WHAT NEEDS TO BE DONE:
Begin your transcription at the line containing "For part A, he" and continue it, word for word, to the final line below. Include only those lines and skip the pictures.

INFORMATION SHOWN:
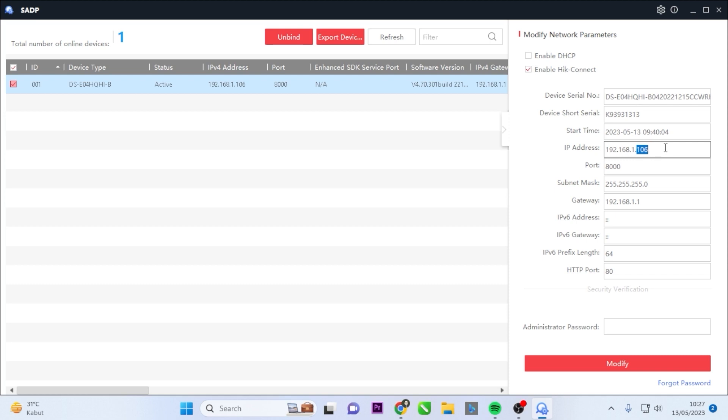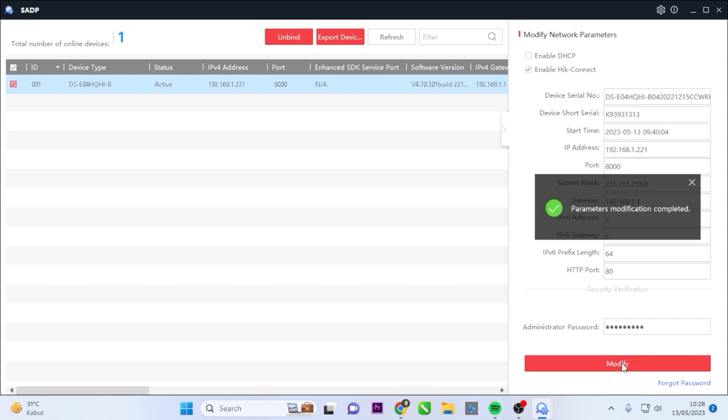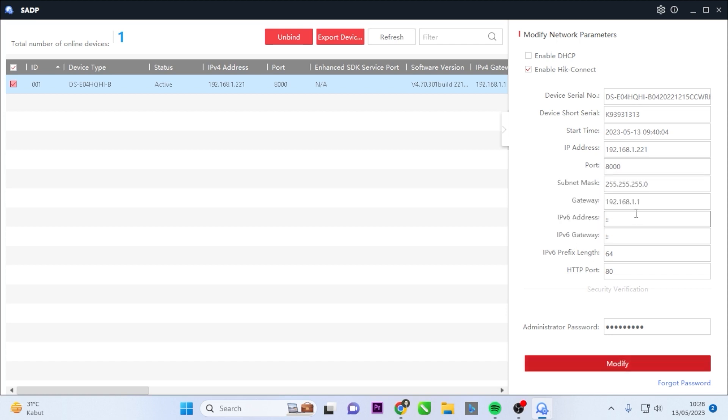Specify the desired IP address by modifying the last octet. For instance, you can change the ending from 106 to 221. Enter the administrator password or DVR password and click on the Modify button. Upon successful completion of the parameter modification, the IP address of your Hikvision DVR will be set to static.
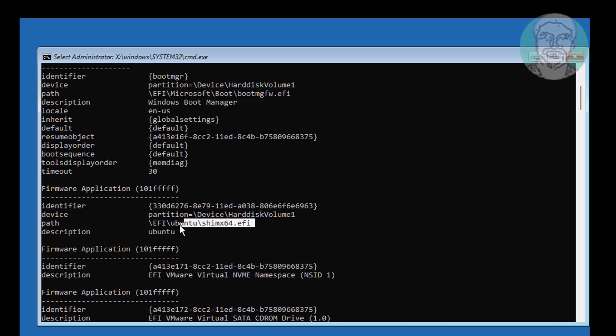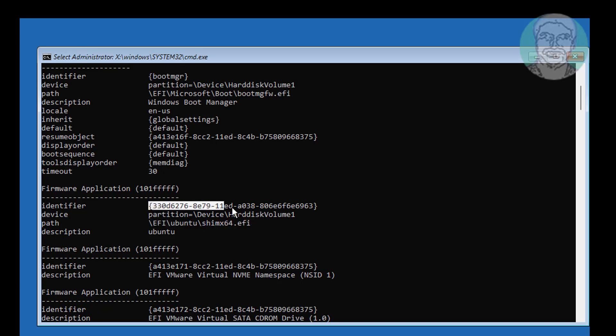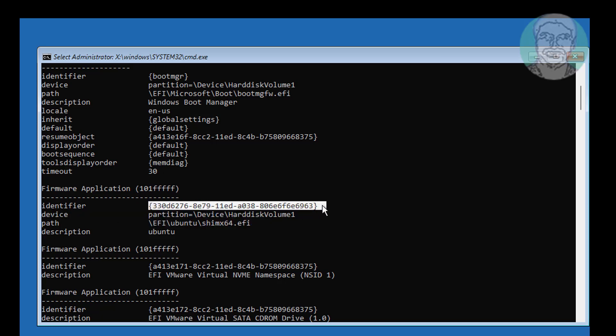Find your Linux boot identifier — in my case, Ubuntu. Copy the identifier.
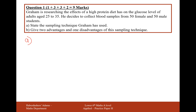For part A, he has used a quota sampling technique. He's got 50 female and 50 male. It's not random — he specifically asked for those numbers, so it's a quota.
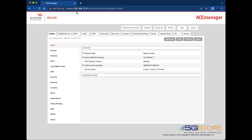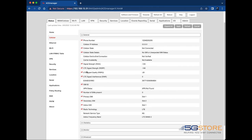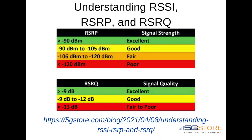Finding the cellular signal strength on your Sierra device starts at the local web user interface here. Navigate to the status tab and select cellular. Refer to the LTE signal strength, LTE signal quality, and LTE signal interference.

THE ANSWER:
For part A, he has used a quota sampling technique. He's got 50 female and 50 male. It's not random — he specifically asked for those numbers, so it's a quota.
Finding the cellular signal strength on your Sierra device starts at the local web user interface here. Navigate to the status tab and select cellular. Refer to the LTE signal strength, LTE signal quality, and LTE signal interference.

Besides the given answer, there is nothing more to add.